STILLWATER — When Clint Chelf finished No. 3 in Oklahoma State's three-man quarterback derby last spring, he informed offensive coordinator Todd Monken that he'd be sticking around.
Monken's response: It won't be pretty.
“Clint wanted to know what his chances were to compete,” Monken said this week. “I didn't blow any smoke up his rear end. I just said, ‘Hey, you're going to be the third guy and you know what that entails.
“ ‘You get third-guy reps. And it's going to be with the third-team players, which means you're not going to look very good, because they're going to make a bunch of mistakes. And for every mistake you make, they'll make three.'”
Hardly a welcome-back speech.
Chelf, however, wouldn't be discouraged. Only more determined.
For that, the Cowboys are fortunate. And thankful. Whether Chelf steps into the starter's role Saturday for the again-injured Wes Lunt or remains waiting in the wings, OSU can claim confidence in its quarterback.
That's the silver lining in last weekend's 44-30 loss at Kansas State, where Lunt was lost to a blow to the head and Chelf came on to throw for 233 yards and a touchdown in less than a half of play.
“I have a lot of respect for him to stick in there and battle through adversity,” said Cowboys guard Lane Taylor. “I'm glad he stuck around. It turned out to be the best decision.”
None of this was foreseeable back in April.
Oh, coaches preach to players all the time about staying prepared in case their number is called. But a third-team quarterback … how often does that happen? Except with the Cowboys, Lunt was injured, then Walsh was lost for the season to a knee injury, and Lunt returned only to get dinged …
Cowboys coaches ranked the three quarterbacks out of the spring — Lunt, Walsh and then Chelf — based on various factors. Lunt surged to the front because of his rapid progress as a true freshman and for his fit in the offense. Chelf slid to the back of the line, partly because he didn't clearly win the job as the veteran, but also amid questions about his quiet demeanor in a leadership role.
Monken talked about Chelf's Facebook profile photo, with him in a court jester hat, and how that didn't seem to send the right message to teammates in terms of wanting to be “the guy.”
Frankly, Monken said, he saw the aftermath of the decision playing out one of two ways: with Chelf transferring, or simply riding out his career on scholarship.
“He was frustrated to be told third team,” Monken said. “Most guys just kind of say, ‘I'm done.

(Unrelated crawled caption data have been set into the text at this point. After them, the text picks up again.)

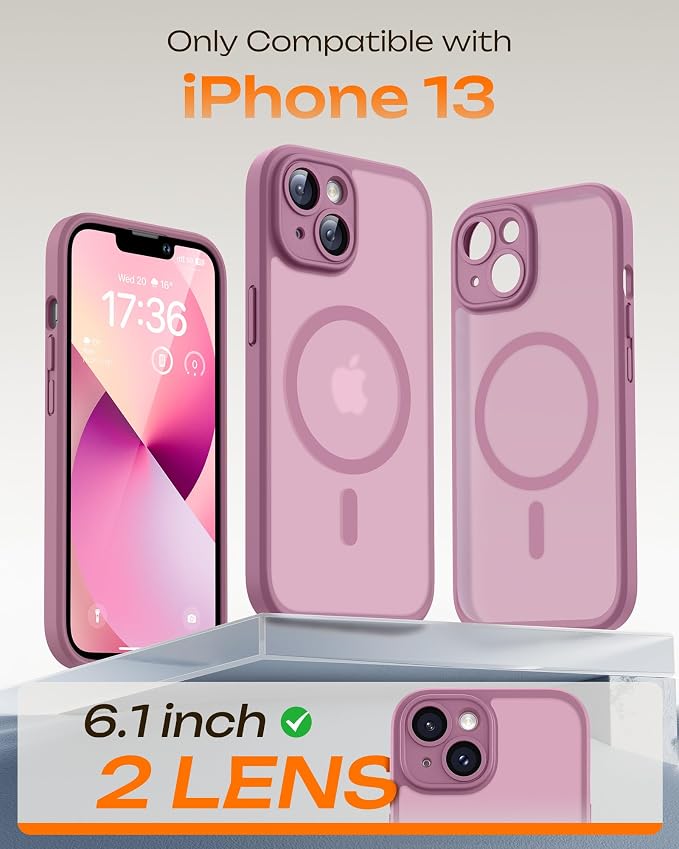 TOCOL for Phone 13 Case, Compatible with Magsafe Charger, Full Camera Protection, Drop Protection, Translucent Matte Phone Case for iPhone 13 6.1 inch (Lilac Purple)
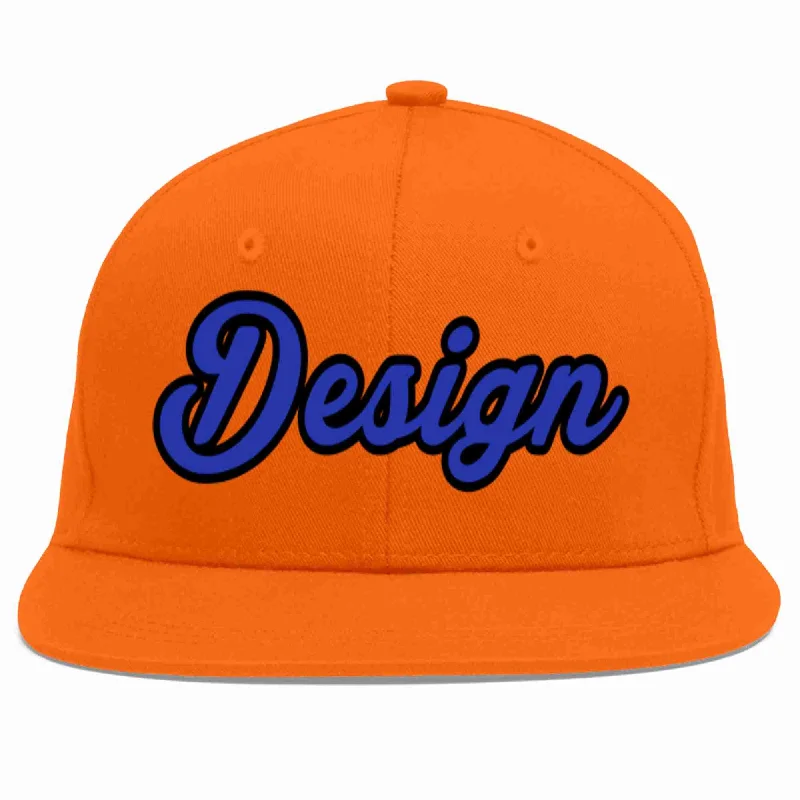 Baseball Cap For Baseball Game Days-Custom Orange Royal-Black Flat Eaves Sport Baseball Cap Design for Men/Women/Youth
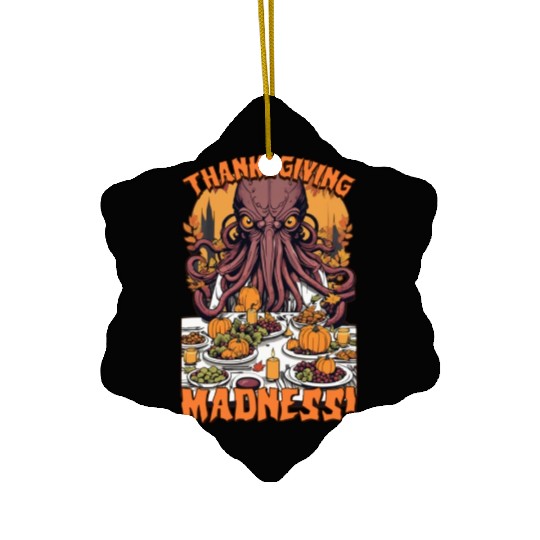 Autumn Feast with Cthulhu - Thanksgiving Madness Ceramic Ornaments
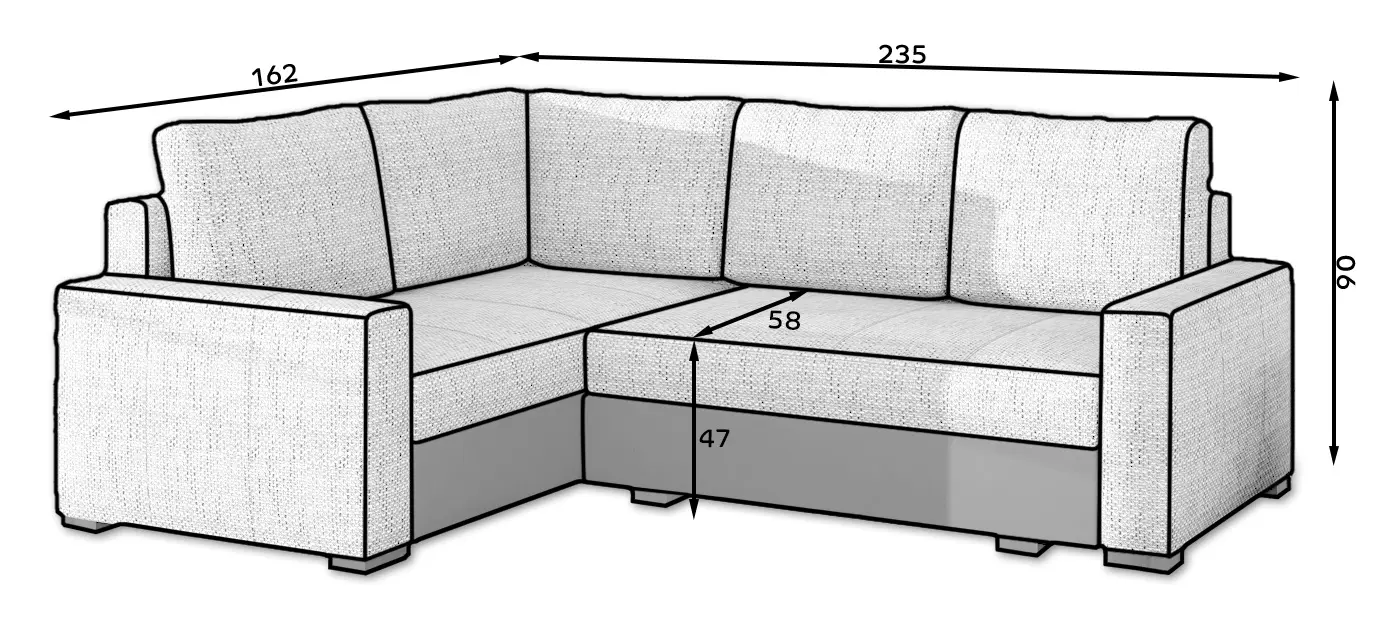 Диван угловой Eltap Corona Kronos 09/Paros 05 Right (Blue/Gray Light) - 6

I'm the third guy. I'm just going to ride this out and be an Oklahoma State alum, come back to Joe's and hang out, golf with all the old players.'
“The reality is that he really worked hard at it. He brought that to my attention a few weeks ago, ‘Hey, I've worked hard; I think I give us the best chance to win.'
“Which I respected he said that. I didn't agree with him.”
Not then, anyway.
Now? We'll see.
Cowboys coach Mike Gundy has retreated on revealing information on injuries, so who goes Saturday against West Virginia remains up in the air.
But if it's Chelf, he's ready.
“We've had a lot of injuries this year, and you've just got to be ready to go play,” Chelf said. “When they told me to warm up, some of the guys came over and told me that they had confidence in me and they were ready to go. So I said, ‘Let's go do it.'”
Long before Saturday, Chelf was preparing himself for the opportunity.
Chelf returned home to Enid when school was out and went to work on improving the things Monken outlined as his weaknesses.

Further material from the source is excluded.